Comment: This case highlights several points worth remembering:
  1. IJO is a diagnosis of exclusion, and a thorough history and examination should be performed to rule out important causes of osteoporosis.
  2. When some vertebrae are collapsed, the conventional L1-L4 mean bone density should not be considered, and only individual vertebrae which are spared should be taken into account (as can be appreciated in the discrepantly high density in L1 in 2004).
  3. The rate of change of density is higher than that seen in a 2 year period in this age group. The improvement could be spontaneous, or treatment related, or both. Rates of change in the pediatric age group in patients on antiresorptive therapy are far higher than those obtained in adults, and the natural gain with age should be kept in mind while interpreting improvements. The normal rates of change in childhood are of the order of 4-5% and during puberty 8-10%.
  4. T scores are not mentioned in pediatric bone density reporting, as peak bone mass has not yet been achieved. (T score is the number of standard deviations (SDs) the BMD is below reference peak bone mass for sex whereas Z score is the number of SDs the BMD is below reference bone density for age and sex). Even interpretation of Z scores may be fraught with danger. BMD depends on the size of the bone.
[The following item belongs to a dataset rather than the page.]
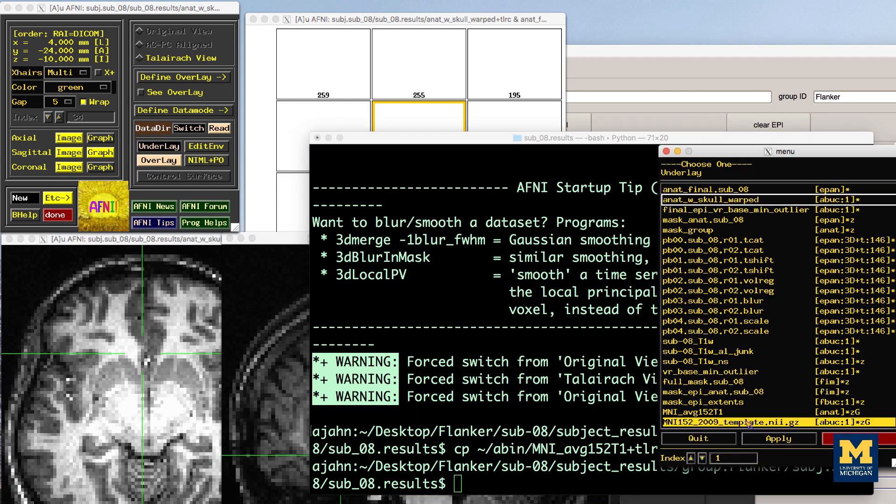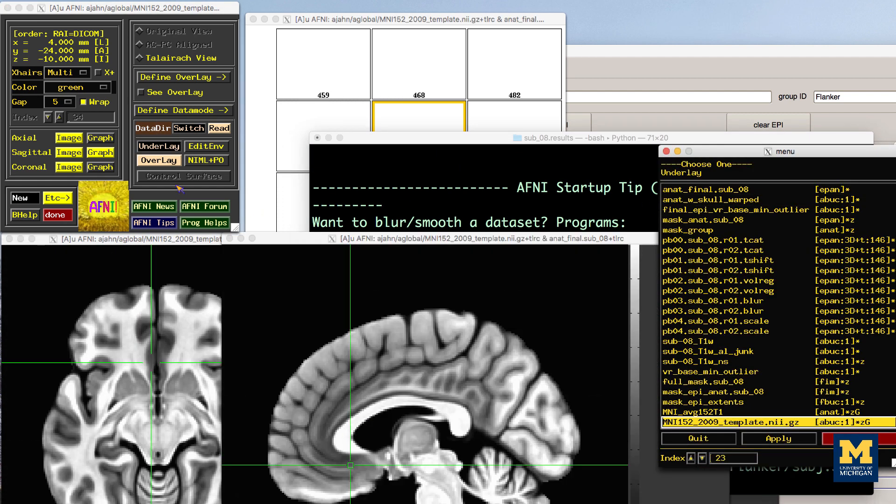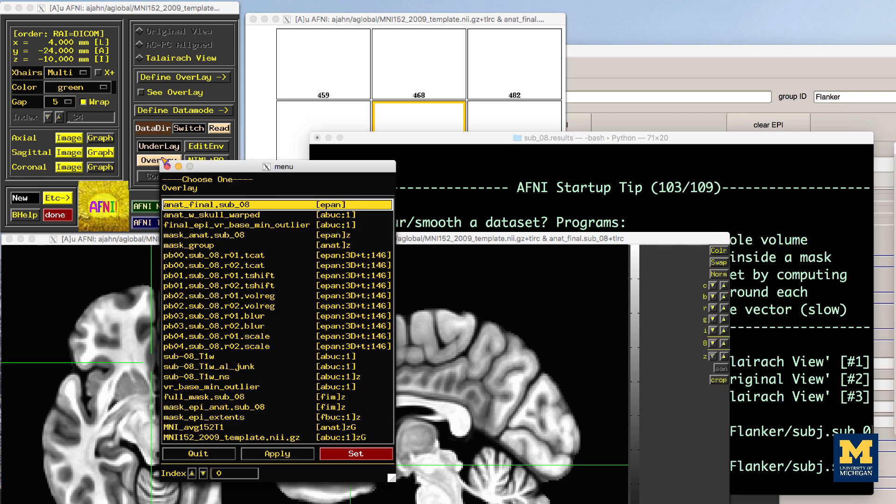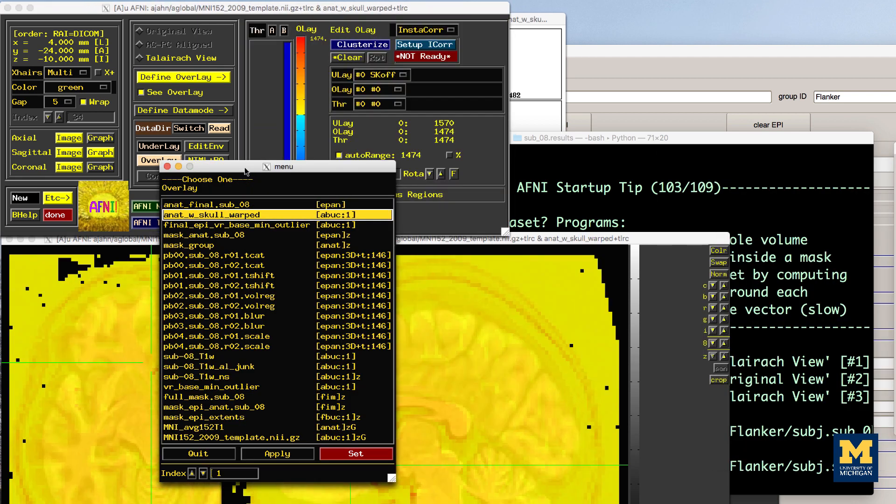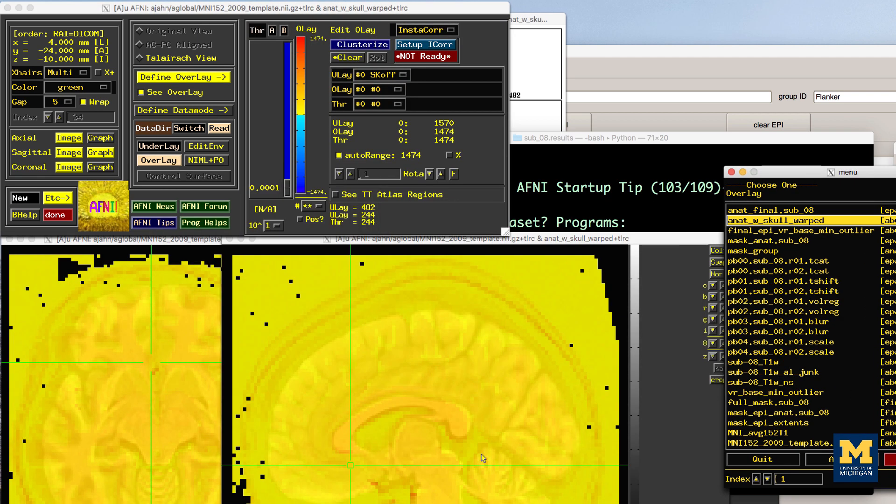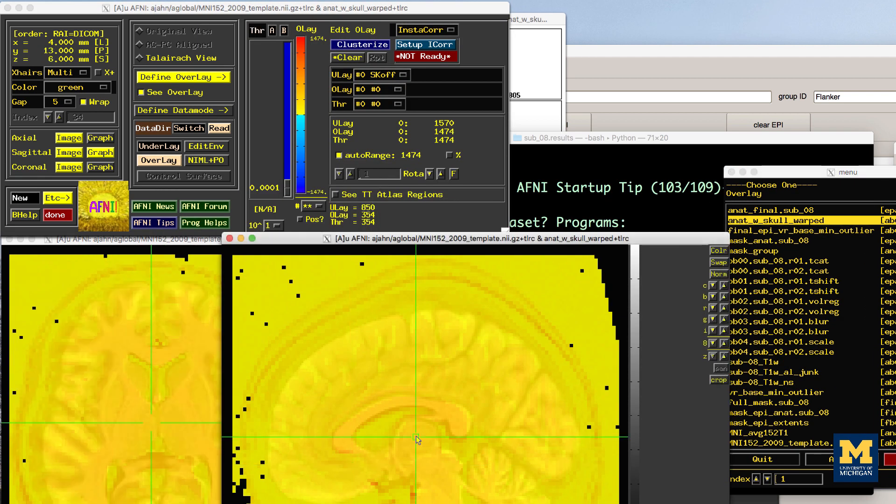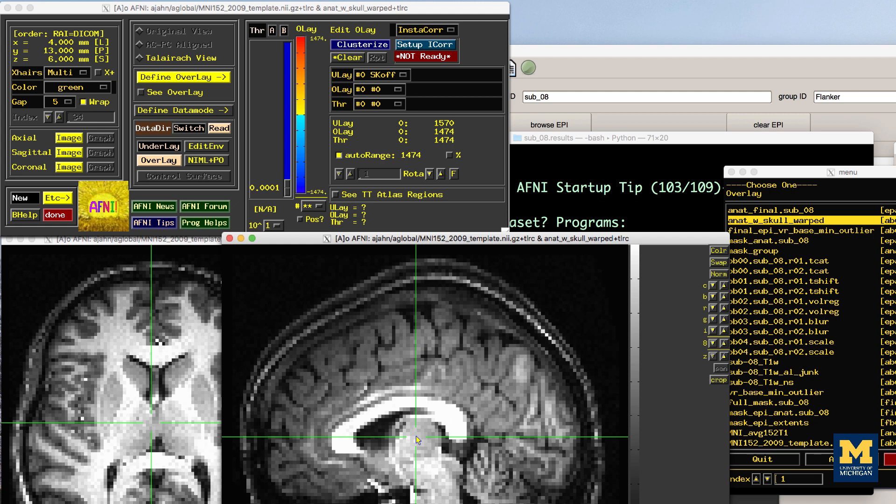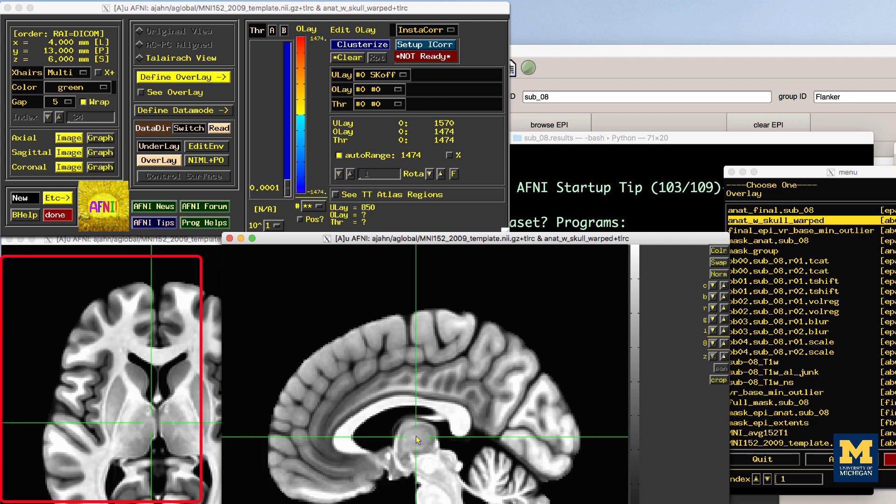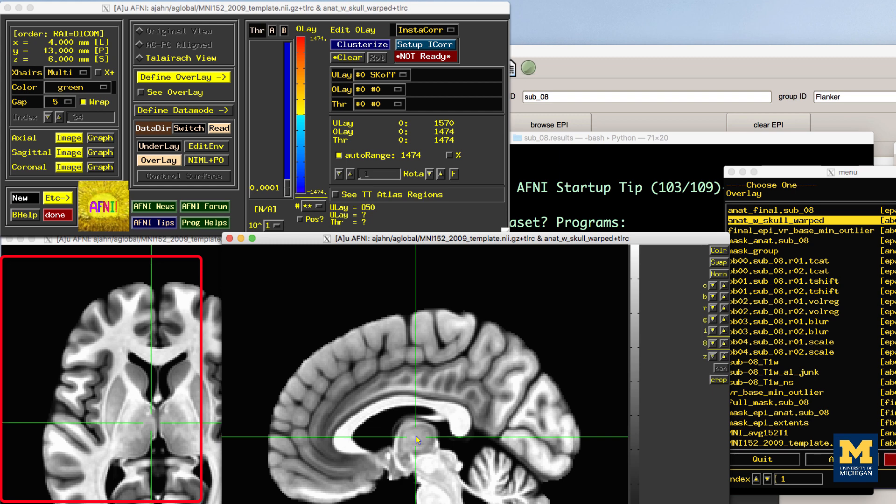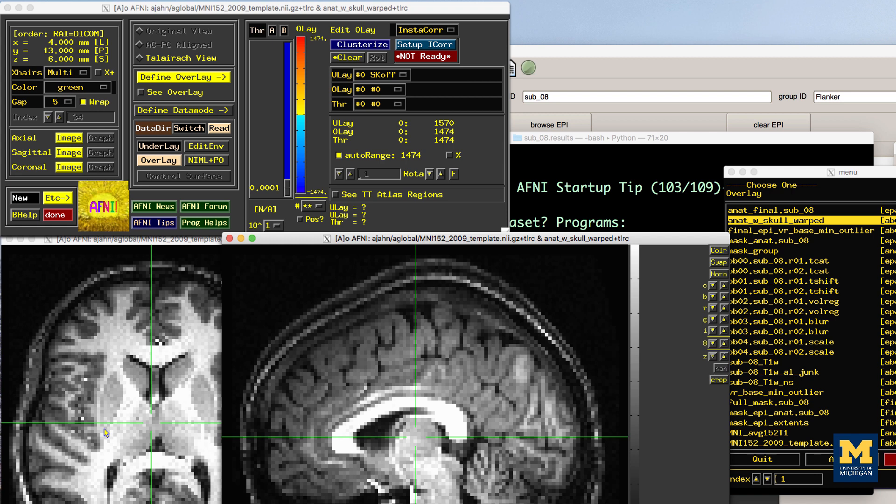You may notice that while the sagittal view of these two images overlaid looks fine, the axial and coronal views look worse. It seems like the image is shifted to the right. Although it is common to have some variability in normalization, this is more than we would expect.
The size of the bones is a girl with chronic disease, and possibly delayed puberty, is likely to be smaller, and thus may not be comparable to that of a normal girl of the same age.
A recent study published in J Bone Miner Res (Hartikka et al 2005) has thrown some light on the etiology of IJO. Three of 20 patients had mutations of the LDL receptor-related protein 5 (LRP5). Affected family members of one proband also carried the mutation. No patient carried the collagen gene Coll 1 A1 and A2 mutations seen in osteogenesis imperfecta.